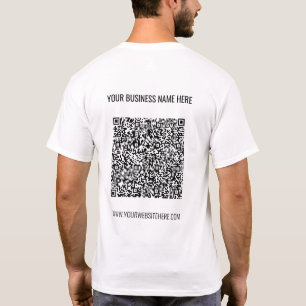 QR-code aangepaste tekst Zakelijke T-shirt Voorbee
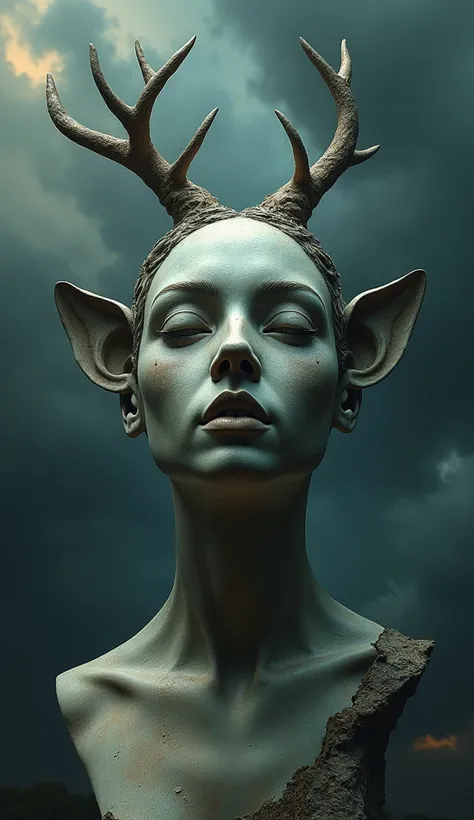  A female bust . made of stone.  front view.  The bust part is broken . Deer horns come out of the eyes of the mask.  view from bottom to top. The bust is broken and coming out of the ground.  Cool dark colors .  Background with dark and charged clouds .  ...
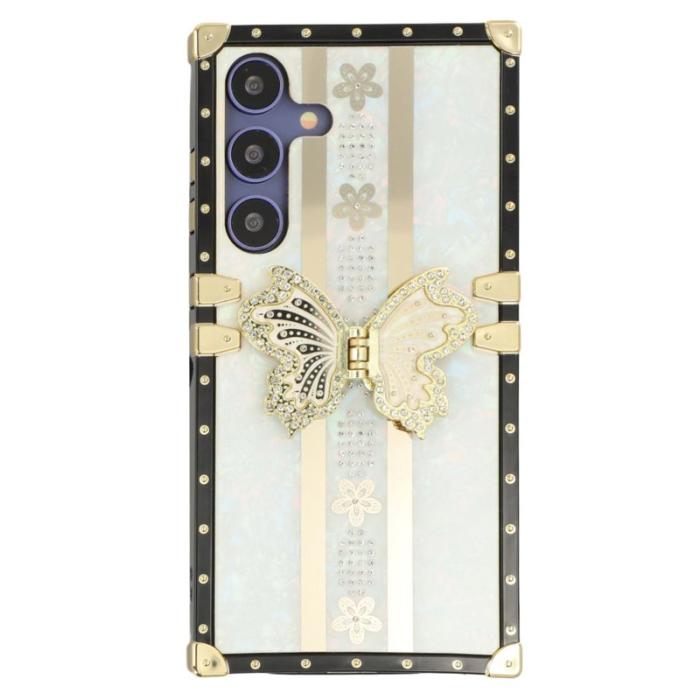 OEM - Samsung Galaxy A55 5G Skal TPU + PC Electroplaterad Fjäril - Vit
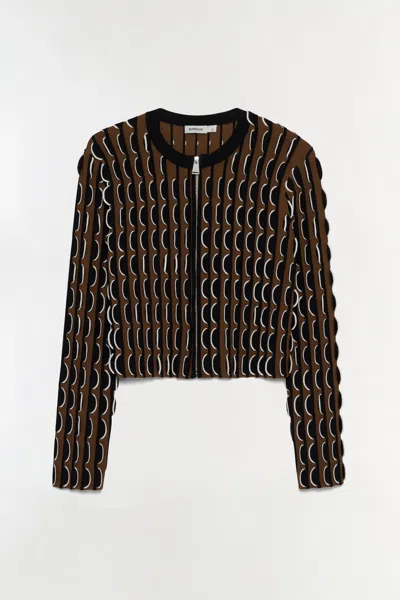 Simkhai Women's Kylie Compact Knit Cardigan In Dark Ochre Multi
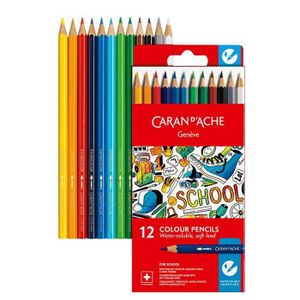 Caran dache Swisscolor soluble dans l/'eau artiste dessin couleur crayon métal set de 40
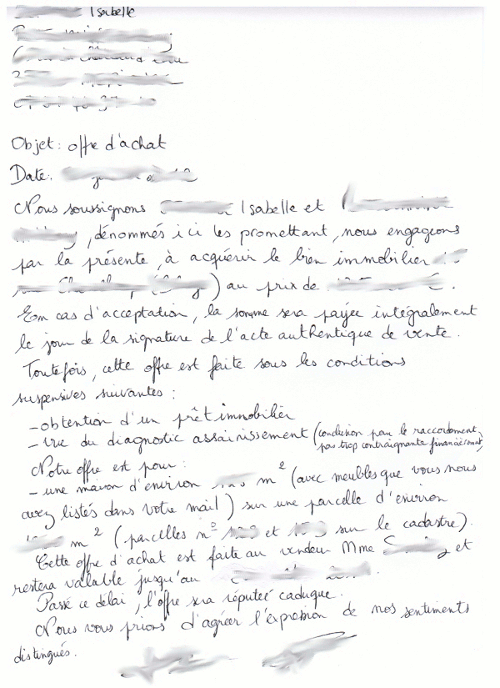 exemple de courrier offre d'achat maison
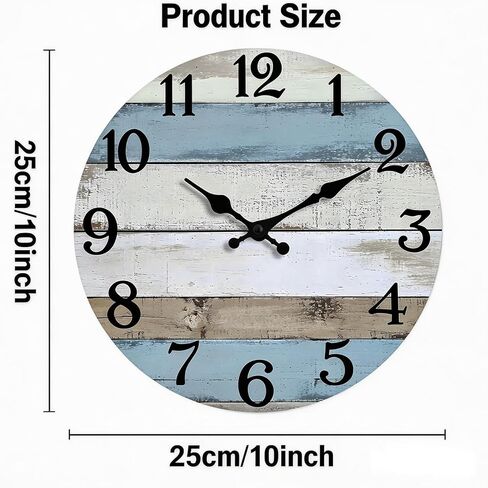 Wooden Wall Clocks Battery Operated, Silent Wall Clock Non Ticking, Coastal Country Design Rustic Wall Clocks for Living Room Decor, Small Wall Clock for Bedroom Kitchen Bathroom (Inches, 10) in Saudi Arabia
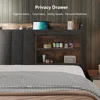 Bed Frame with 1 Hidden Drawer and 2 Drawers, Metal Heavy Duty Bed Frame with Upholstered Headboard and Multi-Port Charging 3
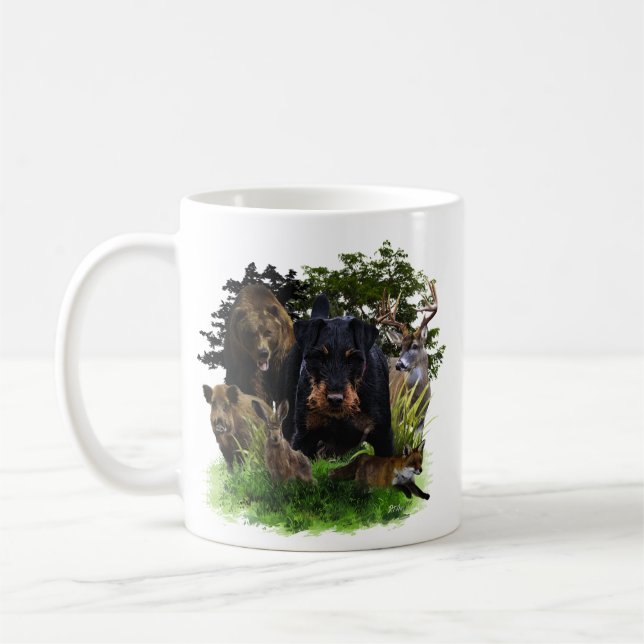 Taza De Café Terrier de caza alemán (Jagdterrier) (Izquierda)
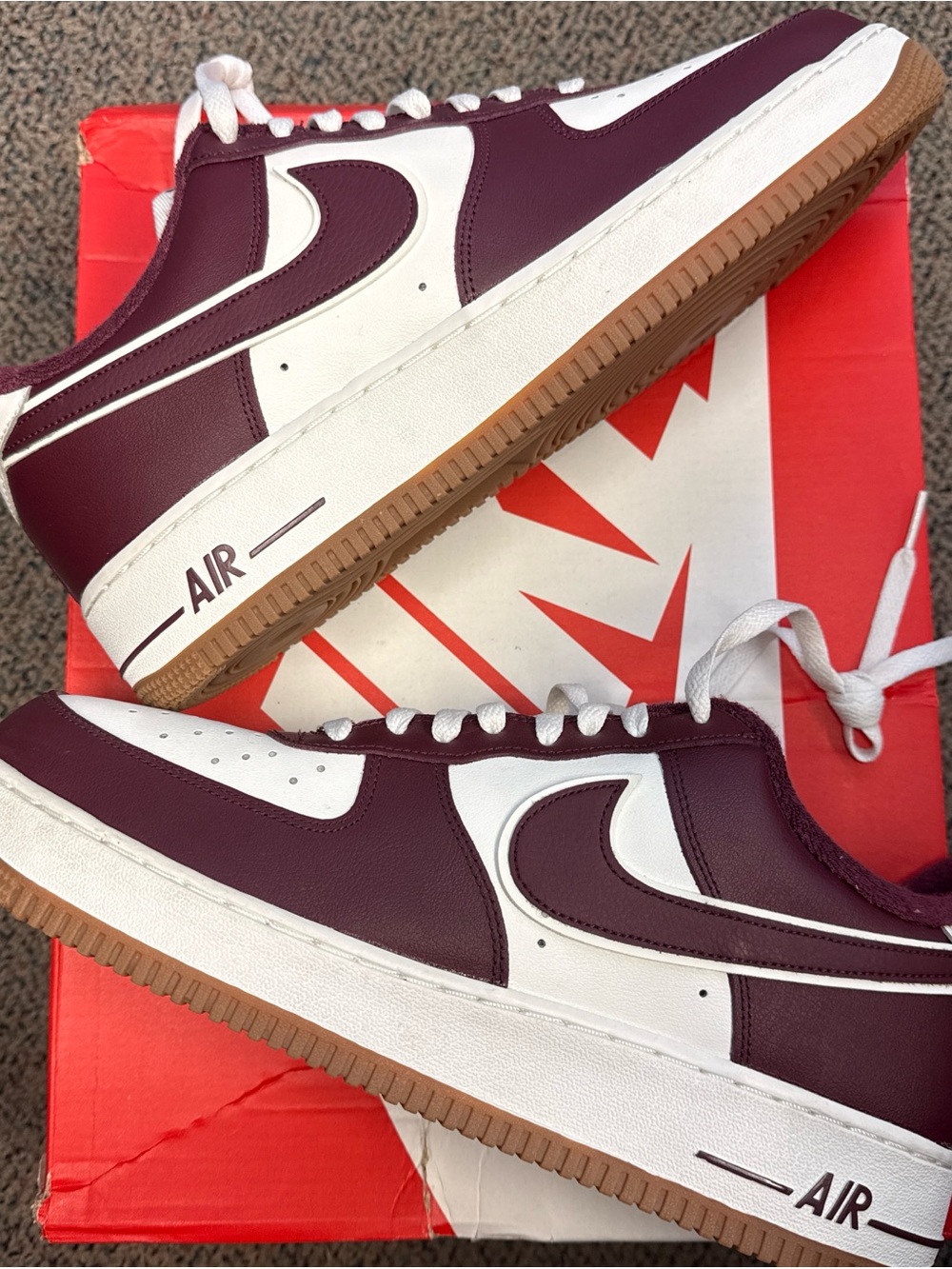 Nike Air Force 1 Low College Pack Night Maroon— Burgundy, White & Gum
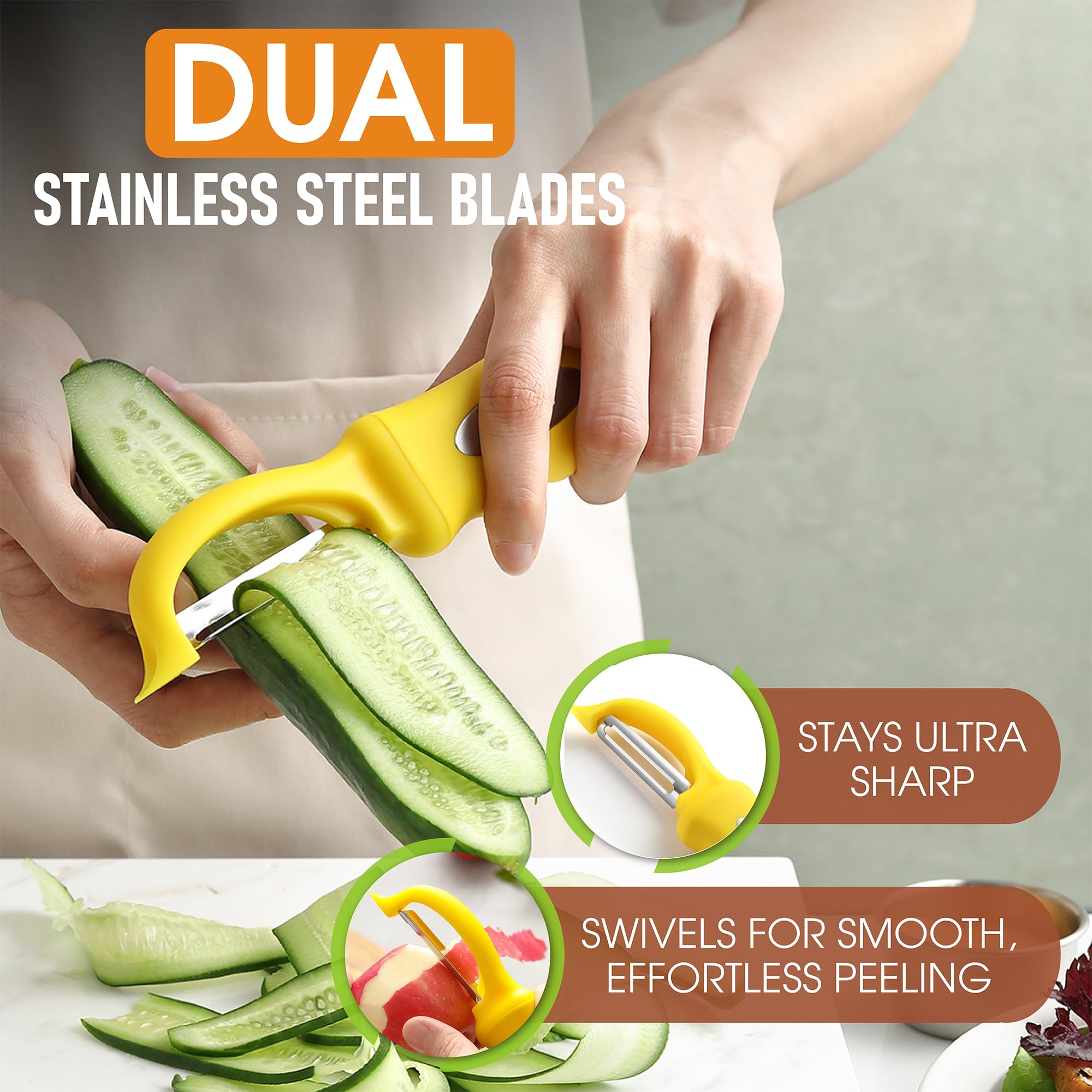 Spring Chef Premium Swivel Vegetable Peeler, Soft Grip Handle and Ultra Sharp Stainless Steel Blades - Perfect Kitchen Peeler For Veggie, Fruit, Potato, Carrot, Apple - Black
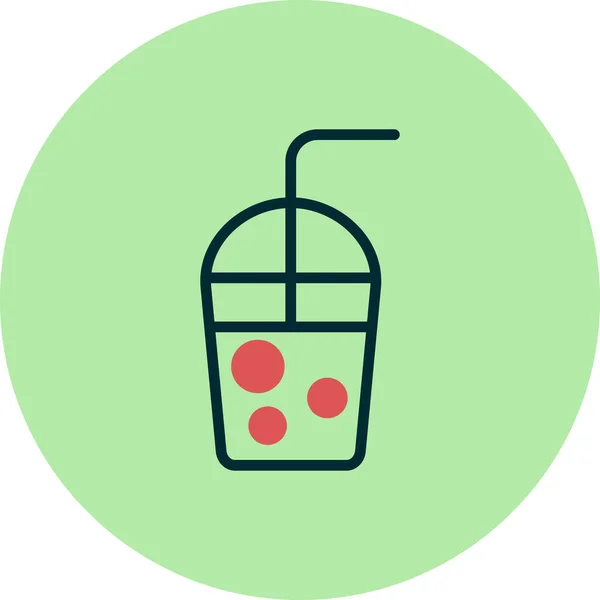 Milkshake Com Ícone Palha Ilustração Vetorial —  Vetores de Stock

========

## [YOUR ASSIGNMENT]
Pictures excluded, give again exactly and only the lines of the material above from the line with "exemple de courrier offre d'achat maison" through the line with "Wooden Wall Clocks".

## [EXERCISE SOLUTION]
 exemple de courrier offre d'achat maison
 Wooden Wall Clocks Battery Operated, Silent Wall Clock Non Ticking, Coastal Country Design Rustic Wall Clocks for Living Room Decor, Small Wall Clock for Bedroom Kitchen Bathroom (Inches, 10) in Saudi Arabia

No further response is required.